A imprensa como mediadora de conflitos

ATUALIZAÇÃO
28 de março de 2021

Celia Musilli - Grupo Folha
AUTOR

Vivemos num mundo conflituoso. Causas, grupos, partidos entram em conflito somando as divergências relacionadas a questões raciais, de gênero, de religião, de minorias, de grupos identitários, de costumes. Na realidade há um arco de  ideias e impulsos que vão desde sérias questões de justiça social  à reivindicação de quem quer abolir o cafezinho. Para quem observa esses movimentos, incluindo jornalistas pautados para o debate, como os colunistas, a realidade está longe de ser um jardim florido.

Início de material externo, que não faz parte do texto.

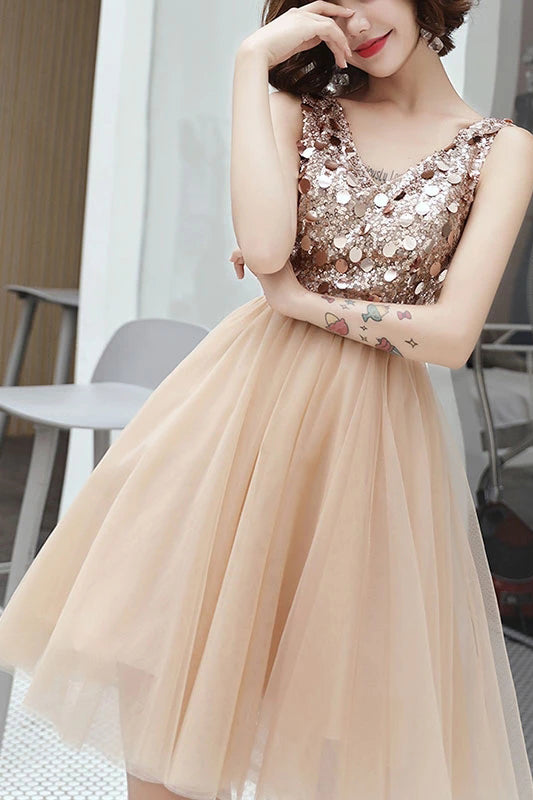 Sparkly V-Neck Sequins Tulle Homecoming Dresses N2140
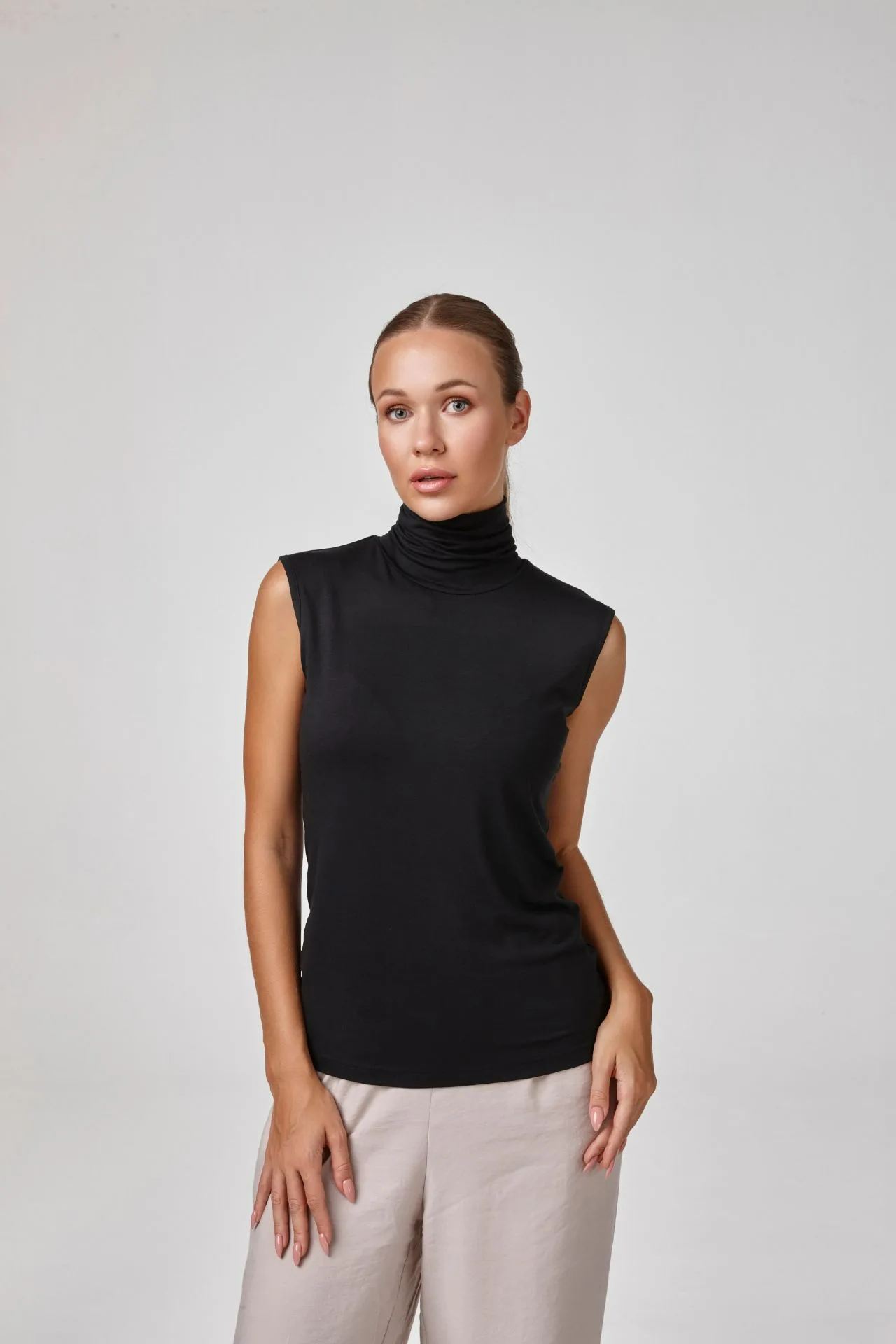 RELACTİVE P2602 KADIN KOLSUZ BALIKÇI YAKA BLUZ BODYFİT KALIP Siyah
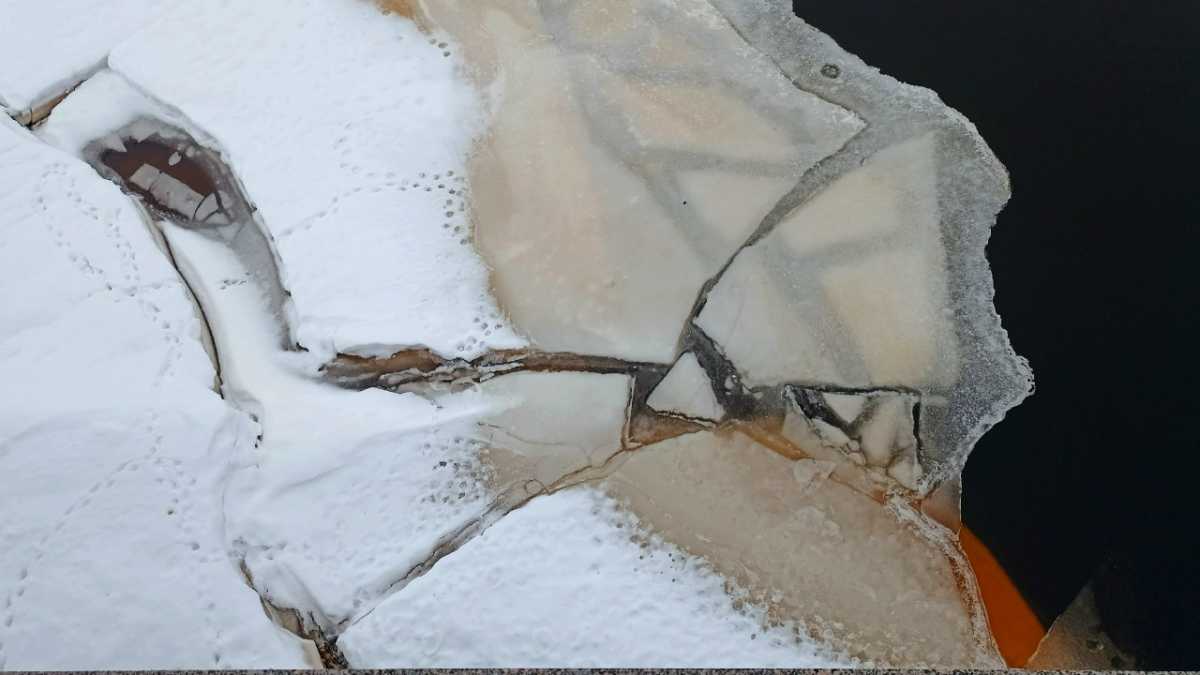 В Солецком и Пестовском округах запретили выходить на лёд водоёмов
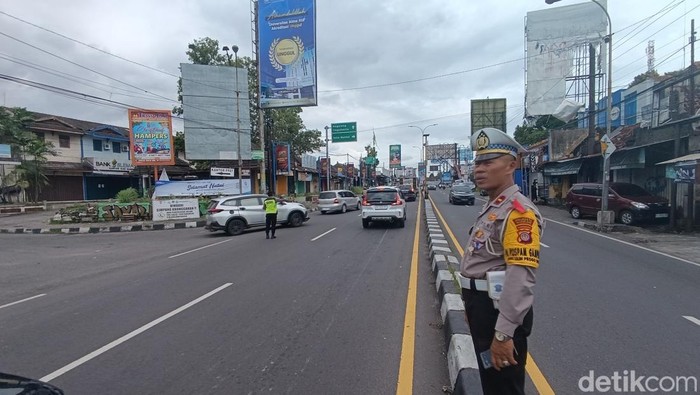 Kondisi ruas jalan Wates KM 6,5 di depan Pasar Gamping, terpantau Kamis (26/12/2024).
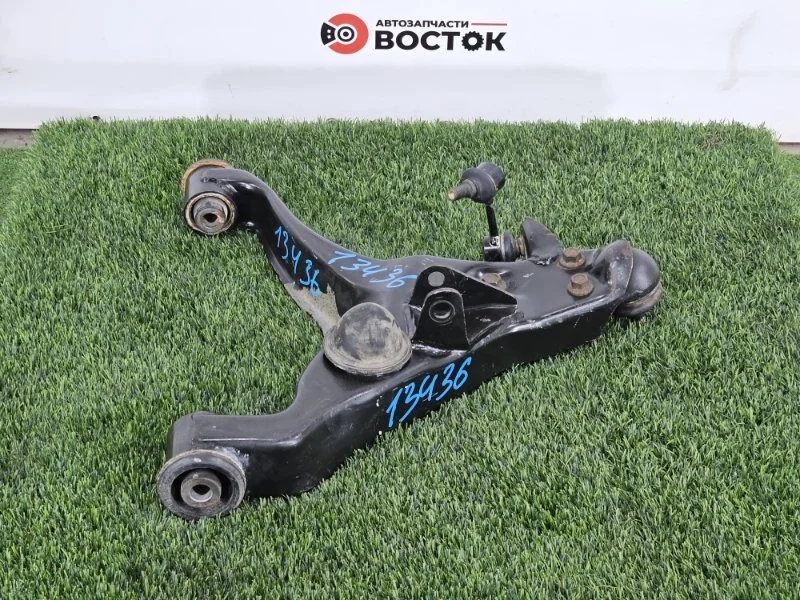 Рычаг нижний Mitsubishi Pajero 2005 MR496796 V68W V78W 6G72, передний правый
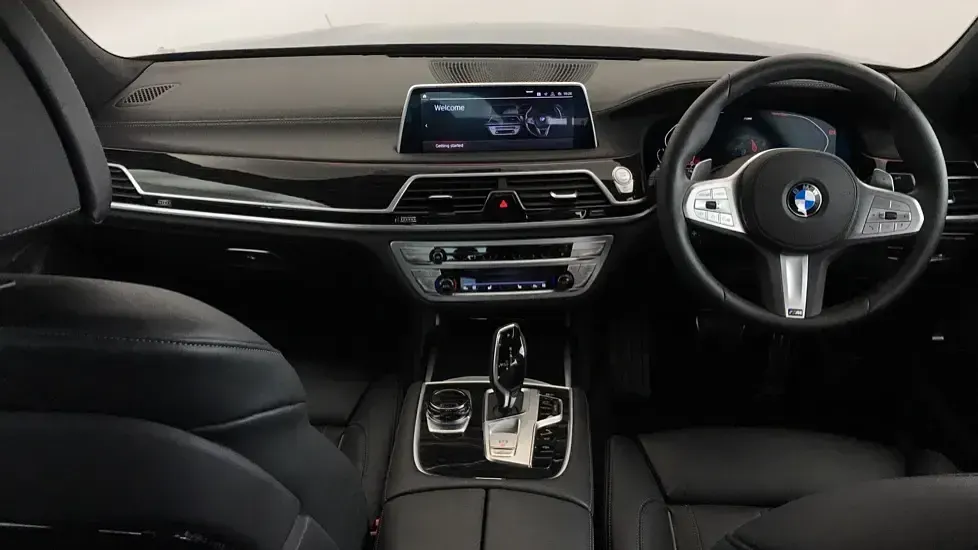 Used BMW 740 M Sport 320 HP (235 kW) 2020 Black Sedan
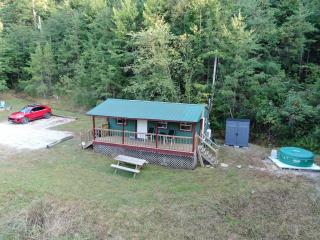 Covered Bridge Hideaway, swimming hole hot tub - 4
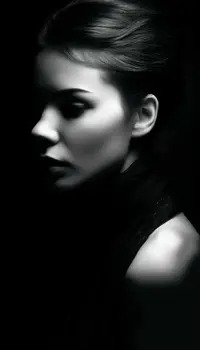 010361 Портрет в темноте .webp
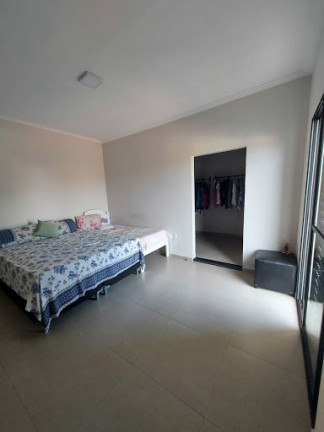 Imagem Casa com 2 Quartos à Venda, 105 m² em Vitória Vale - Caçapava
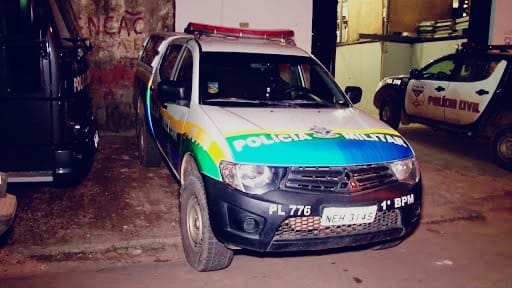 CIÚMES: Homem é preso após tentar atropelar ex na porta de igreja e agredir atual marido dela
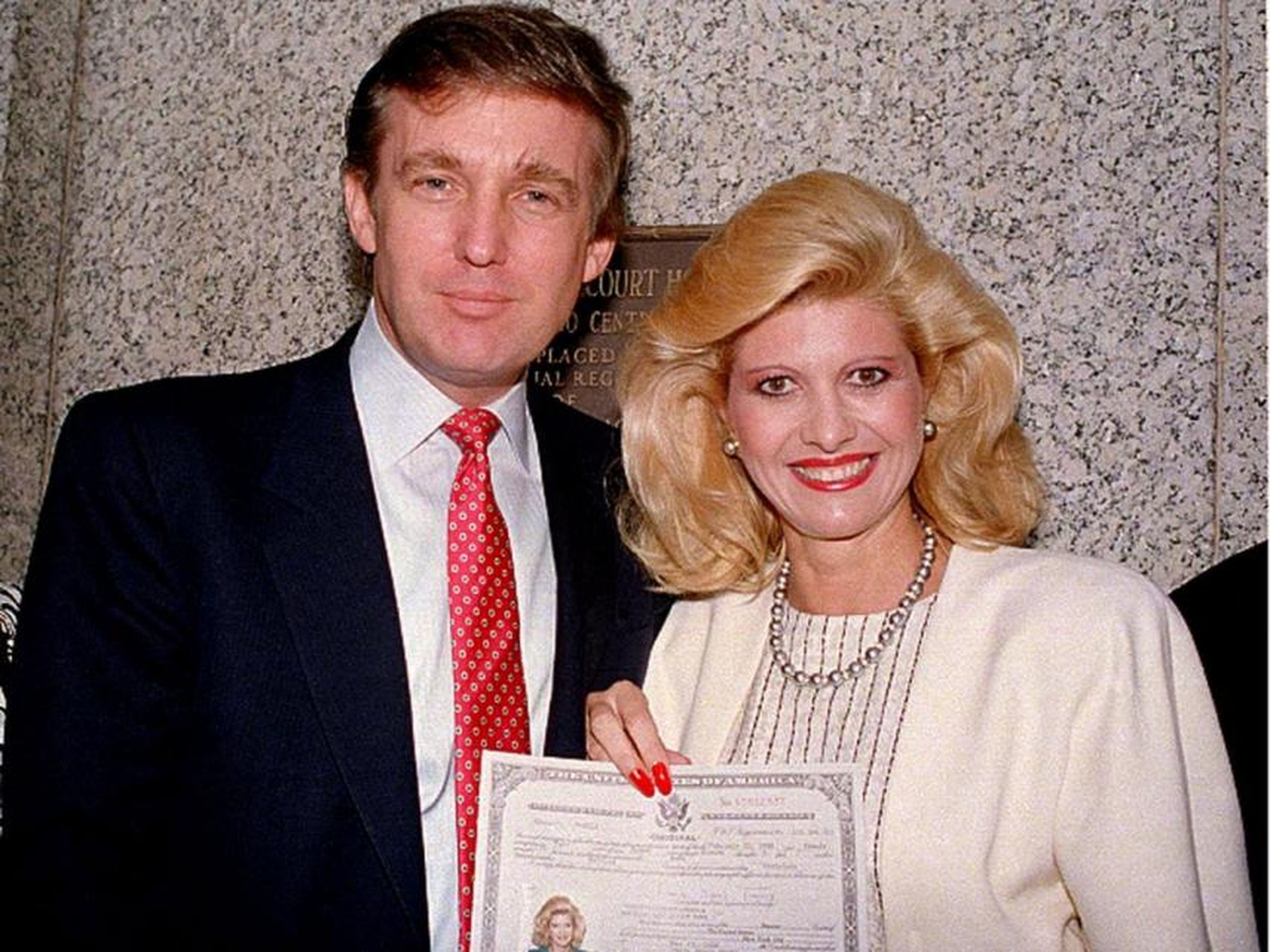 Donald Trump y su ex esposa, Ivana, posan frente al Palacio de Justicia Federal después de que ella jurará como ciudadana de los Estados Unidos en mayo de 1988.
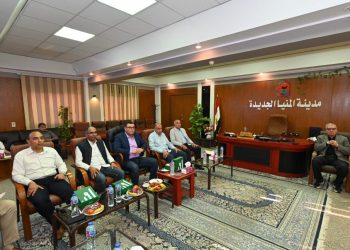 وزير الإسكان ومحافظ المنيا يتابعان موقف المشروعات التنموية بمدينتى “المنيا وملوى” الجديدتين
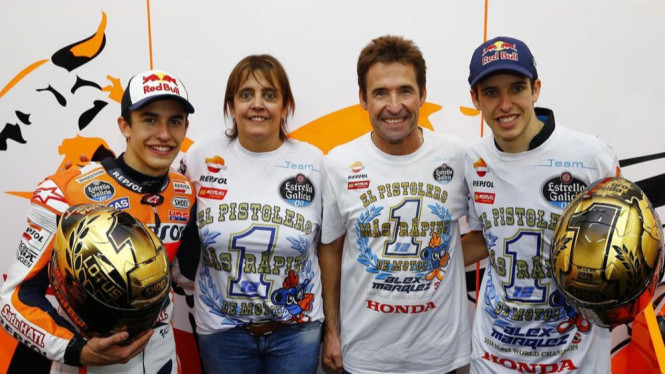 Alex Rins dan Marc Marquez bersama ayah dan ibunya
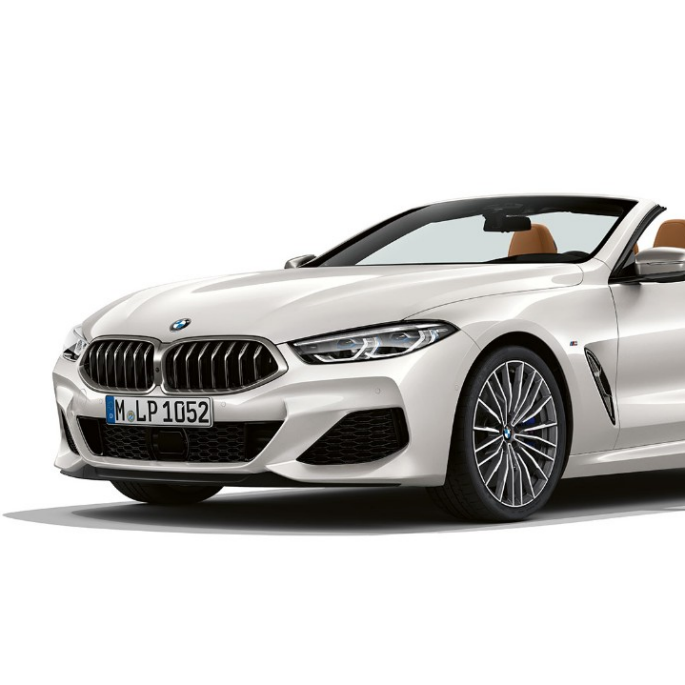 BMW M850i xDrive, Mineral White metallic, vista frontale a tre quarti. BMW M850i xDrive, Mineral White metallic, vista frontale a tre quarti.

Numa mesma edição, podemos encontrar progressistas e conservadores, feministas e machistas, bolsonaristas e lulistas, veganos e carnívoros,  católicos e presbiterianos, céticos e espíritas, atletas e ociosos sem que nenhuma dessas partes represente a totalidade editorial. Embora os leitores consumam nacos de notícias de acordo com seus interesses, a pauta é ampla. Quando um tema  causa polêmicas - até pelo equivocado ou o politicamente incorreto -  fatalmente haverá críticas. Mas nada é permanente ou absoluto  numa atividade que se pauta pela diversidade da própria realidade. Não fosse assim, todos usaríamos os mesmo argumentos e os mesmos uniformes. A questão que se coloca é o quanto da diversidade que quase todos pregam - até mesmo os segregacionistas - está presente nas práticas? Ou seria o respeito à  diversidade de ideias e também o direto à crítica apenas teoria e não um exercício duro, inclusive de discordância ou tolerância? O debate sempre é melhor que a indiferença.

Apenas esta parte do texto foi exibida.